Figure 3 Graft infiltrating leucocytes (recipient) 20 days after transplantation. (A) Frequency of CD45+ graft infiltrating leucocytes within BALB/c skin grafts that were irradiated (IR) or non-irradiated (non-IR) before transplantation onto IL-2 complex protocol treated C57BL/6 recipients (IR: n = 6; non-IR: n = 7). (B) Frequency of CD4+ (left) and CD8+ (right) allograft infiltrating leucocytes. (C) Proportion of CD4+ (left) and CD8+ (right) effector memory T cells found within previously irradiated or non-irradiated skin allografts 20 days after transplantation. (D) Percentage of regulatory T cells (CD45+ CD4+ Foxp3+ CD25+) in the CD45+ CD4+ T cell population present within the skin graft 20 days after transplantation (left). Representative contour plot of regulatory T cell frequency within CD45+ CD4+ graft infiltrating cells if recipient was treated with IL-2cplx protocol (right). Analysis (A–D) was performed using flow cytometry and mean percentages of two independent experiments of IL-2cplx protocol treated recipients transplanted with irradiated (n = 6) or non-irradiated (n = 7) skin graft are shown. Error bars indicate SD. (*P < 0.05; two-tailed t test with unequal variances).
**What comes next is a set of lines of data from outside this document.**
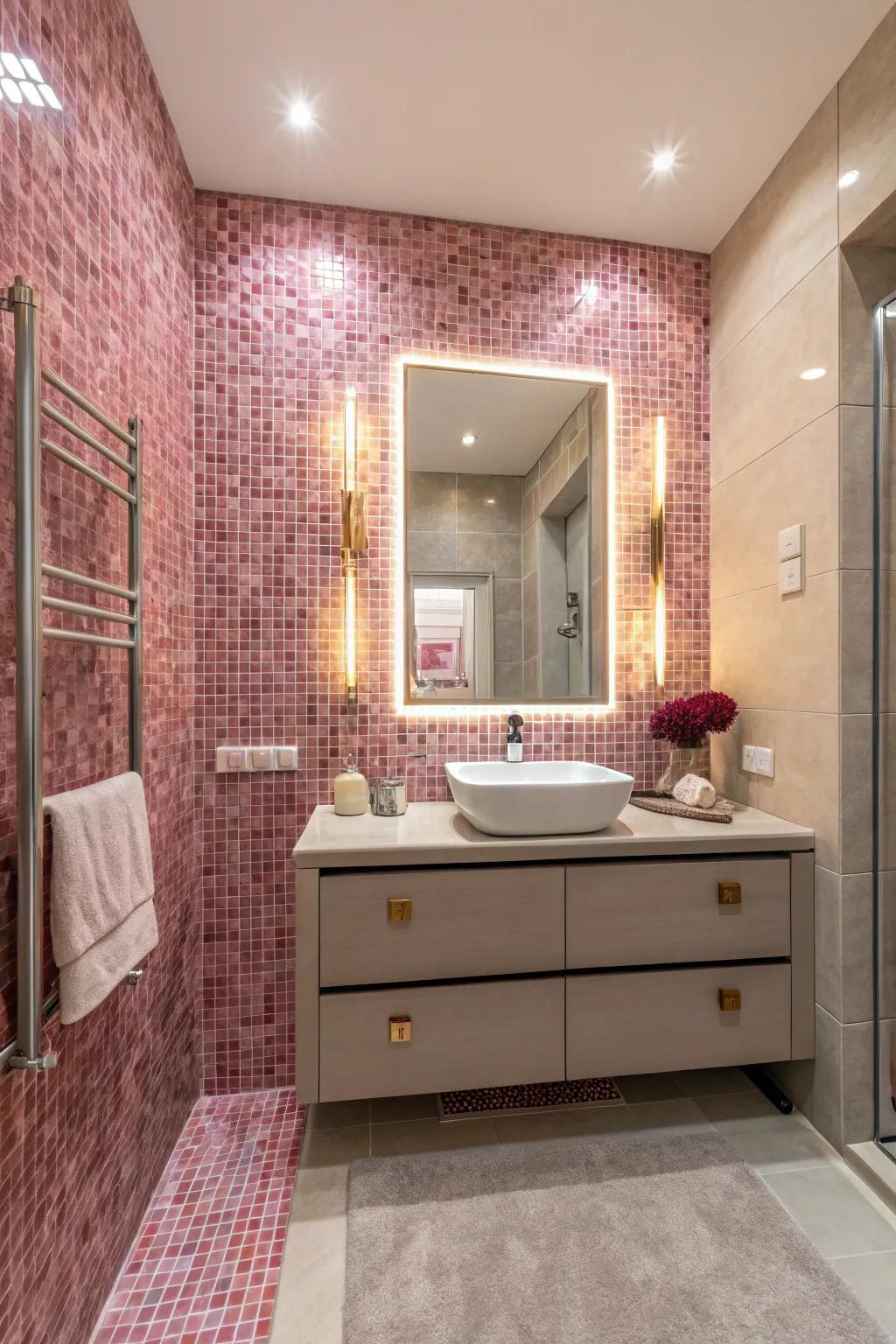 Rose mosaic tiles include elaborate information.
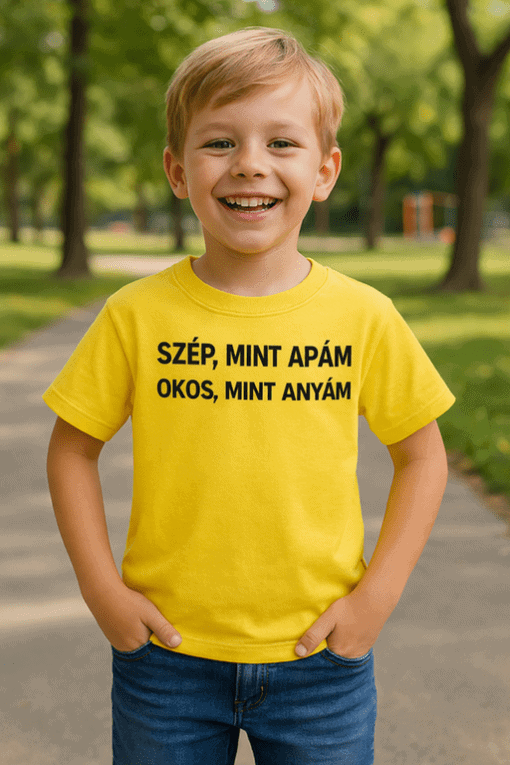 Nagymama és nagypapa kedves felirattal ellátott gyermek póló, vidám színű, parkban.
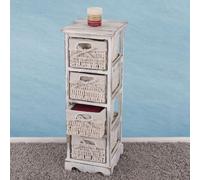 Commode / étagère 4 paniers, 25x28x74cm, shabby, vintage, blanc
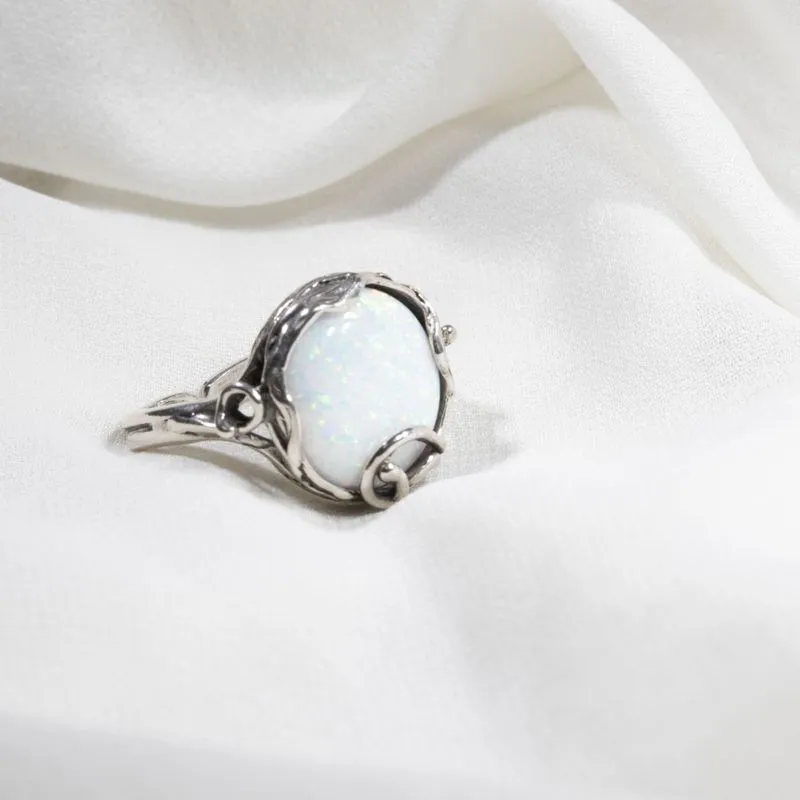 White Opal Silver Sizable Ring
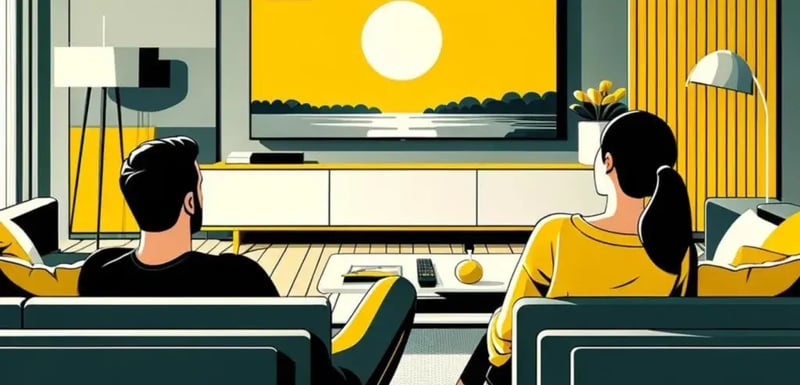 Image of a couple watching TV and CTV ads brands conducting attention measurement to understand ad effectiveness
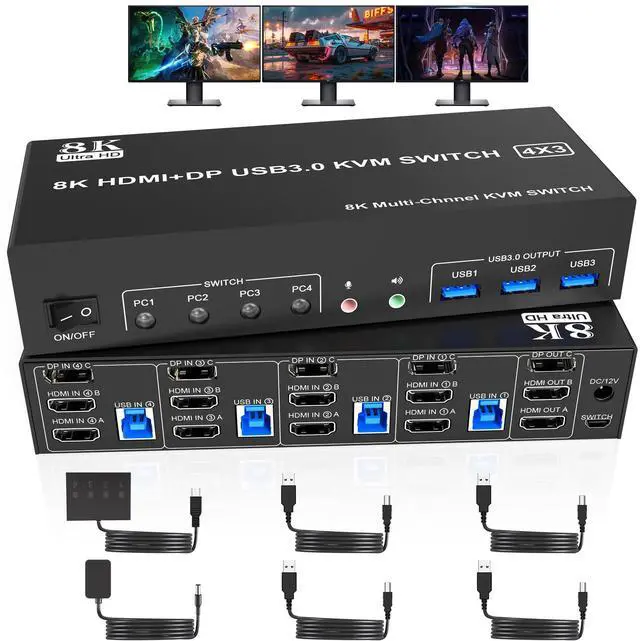 Vszerda 8K 60Hz Displayport +2 HDMI USB3.0 KVM Switch 3 Monitors 4 Computers 2 HDMI 2.1 + DP 1.4Triple Monitor KVM Switch with Audio Microphone +3 USB3.0 Ports Triple Monitor Keyboard Mouse Switcher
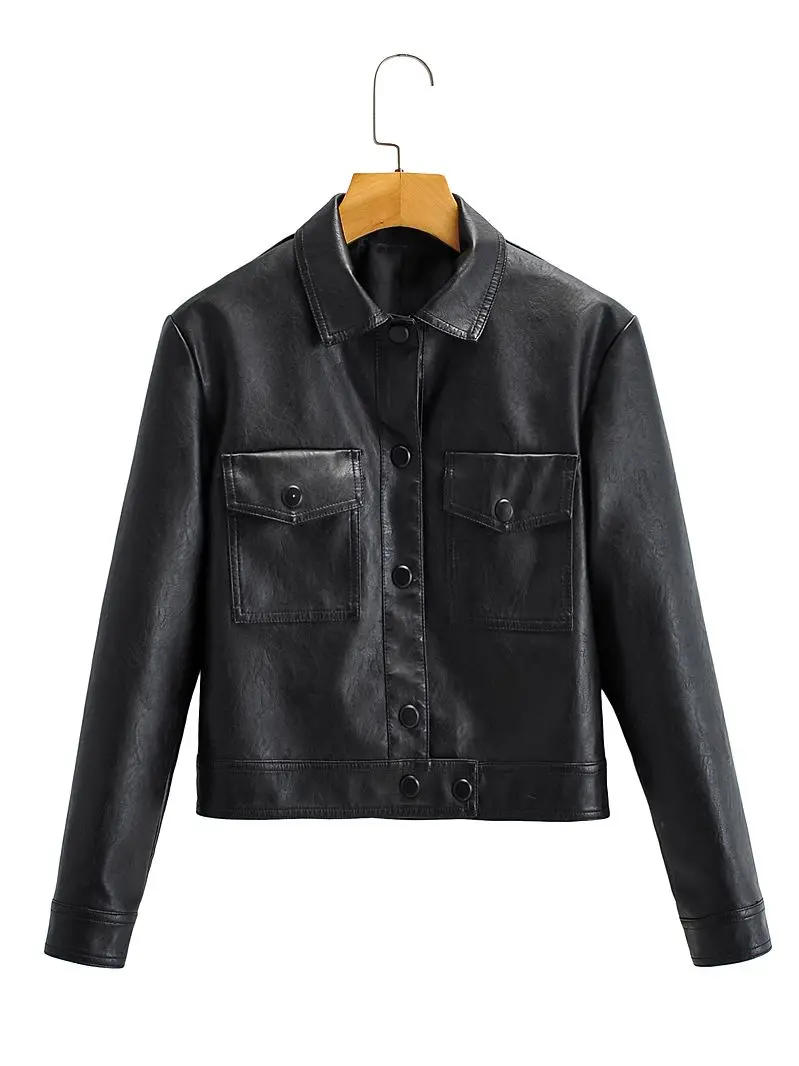 Fashion Chic PU Leather Blouse Women Jacket Cropped Solid Buttons Up Winter Autumn Women's Shirt Top Stylish Blouses Pink Black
Reduction of Passenger Leucocytes Leads to Prolonged Skin Allograft Survival in IL-2cplx Protocol Treated Mice

Since the IR grafts were largely depleted of APC at the time of grafting, we expected survival of these grafts to be significantly prolonged. For the groups that were not IL-2cplx treated, however, this was not the case. Thus, both the control non-IR and IR grafts were rejected rapidly at the same time, 8 days after transplantation (Figure 4A). With the IL-2cplx-treated groups, the results were different. Here, as expected, IL-2cplx treatment led to prolonged survival of both the control and IR grafts. Notably, however, the IR grafts survived for around twice as long as the control grafts (MST IR = 53 days; non-IR = 30 days; p = 0.02), (Figure 4A).

FIGURE 4

Figure 4 Irradiation of donor skin graft prior to transplantation leads to significant prolongation of skin allograft survival in combination with IL-2cplx protocol treatment (MST: IR=53 days; non-IR=30.5 days; p = 0.0192, log-rank test). (A) Survival of irradiated (IR) and non-irradiated (non-IR) skin grafts on mice treated with (IR: n = 8; non-IR: n = 8) or without (IR: n = 11; non-IR: n = 22) a combination of IL-2 complexes, Rapamycin and a short term treatment of anti-IL-6. Survival proportions of at least two independent experiments are shown. (B) Mean frequency of CD45+ graft infiltrating leucocytes on day 6 and day 20 after transplantation in irradiated (d6: n = 3; d20: n = 6) and non-irradiated (d6: n = 6; d20: n = 7) skin allografts transplanted on IL-2cplx protocol treated recipient mice. (C) Differences in fold change between d6 and d20 post transplantation in non-irradiated (left; d6: n = 6; d20: n = 7) and irradiated (right; d6: n = 3; d20: n = 6) skin allografts on IL-2cplx protocol treated recipient mice. Calculation: Fold change was obtained by dividing the mean value of two independent experiments for d20 by the mean value of d6. Fold changes were normalized to values obtained for non-irradiated skin grafts (shown as baseline with value 0). Analysis (B, C) was performed using flow cytometry and mean percentages of two independent experiments are shown. (*P < 0.05; two-tailed t test with unequal variances).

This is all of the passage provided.